The bits for the other example are: 0011111110111001100110011001100110011001100110011001100110011010


**Problem 4** (10 pts): Given that $\sin(x)$ has the Maclaurin series

$$
\sin(x) = \sum_{m=0}^{\infty}\frac{(-1)^{m}x^{2m+1}}{(2m+1)!}
$$

for the function below, what causes the while loop to terminate (2 pts)?  For $x = \pi/2, ~11\pi/2, ~ 21\pi/2, ~ 31\pi/2$, 

* How accurate is the computed result? (2 pts)
* How many terms are required? (2 pts)
* What is the largest term in the series? (2 pts)  

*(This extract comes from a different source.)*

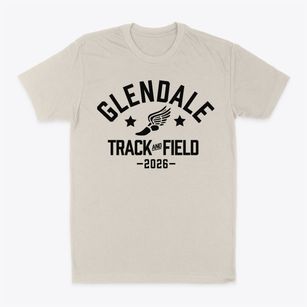 Glendale Elementary School Track and Field Classic Dad T-Shirt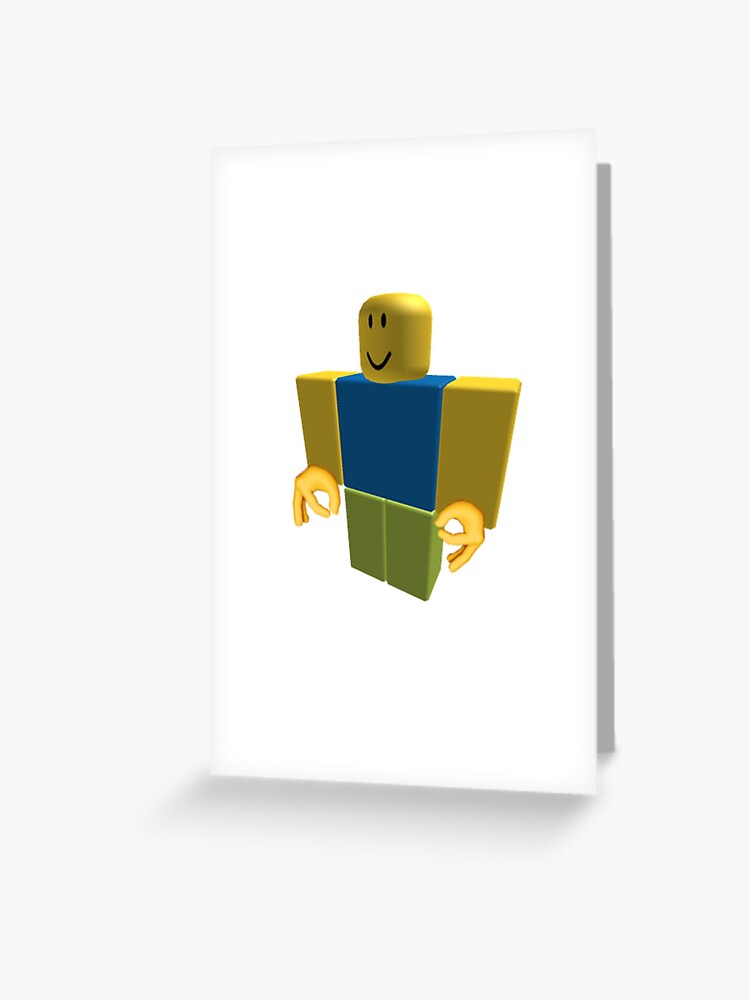 Noob Roblox Funny Cringe Got Em Emoji Greeting Card By Franciscoie Redbubble - cringe roblox pictures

What do you conclude about the use of floating-point arithmetic and power series to evaluate functions?  (2 pts)

In [35]:
def psin(x):
    s = 0.
    t = x
    mx = np.abs(t)
    n = 1
    x2 = -x**2.
    while s+t != s:
        s += t
        t *= x2/((n+2.)*(n+1.))
        if np.abs(t) > mx:
            mx = np.abs(t)
        n += 2
    print 'For x = %1.15f' % x
    print 'The number of iterations was: %d' % ((n-1)/2)
    print 'The largest term in the series was %1.15e' % mx
    return s

In [36]:
pot = np.pi/2.
xvals = pot*np.array([1., 11., 21., 31.])
error = np.zeros(xvals.size)
cnt = 0.
for xval in xvals:
    error = np.abs((-1.)**cnt - psin(xval))
    cnt += 1.
    print 'Error is %1.15e' %error
    print 

For x = 1.570796326794897
The number of iterations was: 11
The largest term in the series was 1.570796326794897e+00
Error is 2.220446049250313e-16

For x = 17.278759594743860
The number of iterations was: 37
The largest term in the series was 3.066514637383812e+06
Error is 2.128728304739980e-10

For x = 32.986722862692829
The number of iterations was: 60
The largest term in the series was 1.467259672825497e+13
Error is 1.332359581505127e-04

For x = 48.694686130641792
The number of iterations was: 78
The largest term in the series was 7.988994169819993e+19
Error is 5.821018527024010e+03



As we see, as $x$ increases, the impact of catastrophic cancellation degrades the overall accuracy of the power series result, so that by $x=31\pi/2$, the series approach does not give a meaningful approximation at all.  Thus, we see trying to use a Maclaurin expansion, or Taylor series centered around $x=0$, is not appropriate when one wants to use the approximation method far from the origin.